House debates

Wednesday, 4 December 2013

Bills

Offshore Petroleum and Greenhouse Gas Storage Amendment (Cash Bidding) Bill 2013, Offshore Petroleum and Greenhouse Gas Storage (Regulatory Levies) Amendment Bill 2013; Second Reading

10:38 am

Photo of Graham PerrettGraham Perrett (Moreton, Australian Labor Party) Share this | Hansard source

I rise to speak on the Offshore Petroleum and Greenhouse Gas Storage Amendment (Cash Bidding) Bill 2013. I commend the member for Parramatta on her contribution. I know that she is passionate about this topic. She is forever talking about hydrocarbons, and the pricing and extraction thereof. I have been in parliament for six years and have spoken on hundreds of pieces of legislation. Some of those were momentous, some exciting. This legislation is neither of those, but it is an important piece of legislation, supported by both sides of the House, in terms of ensuring that the Australian public receive the best possible return for the resources that they own. In fact, I would suggest that much of this legislation borrows elements from the Queensland Mineral Resources Act, a piece of legislation I know a lot about, having worked in that area in another life. It takes many of the competitive bidding characteristics from the Queensland legislation, so I am very familiar with that side of the legislation.

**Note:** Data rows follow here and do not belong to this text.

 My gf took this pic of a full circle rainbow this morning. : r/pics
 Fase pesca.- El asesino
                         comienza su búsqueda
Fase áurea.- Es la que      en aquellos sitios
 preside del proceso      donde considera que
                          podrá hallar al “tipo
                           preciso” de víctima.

The purpose of the bills is to amend the act to provide a new model for allocating cash-bid exploration permits in the offshore petroleum regulatory regime. For those listening at home, the Commonwealth has control over the resources under the ocean and states have control over the resources on land. That is the way cooperative federation works. If we look back over the years there was much heated debate in this parliament when the states and the Commonwealth were working out that divide and how it was going to do it. In fact I think a previous member for Moreton, Sir James Killen, received a lot of attention over some of the sorting out of that process. The debate was nice and cold at the time—if you read the Hansard from the time at which we were working out the Petroleum Resource Rent Tax, it was going to be the end of society as we knew it. Obviously that piece of legislation has resulted in $25 billion to $28 billion going into the coffers of the Commonwealth government.

Sadly, today we are having a similar debate about the MRRT. I understand that those opposite took that to the election and in their electorates they received confirmation that it is important that Gina Rinehart be given extra money. On this side of the chamber we support the idea that if super-profits are being made they should go to the Commonwealth. If super-profits are not being made, then obviously the tax is not being paid. So we are still passionate about the MRRT.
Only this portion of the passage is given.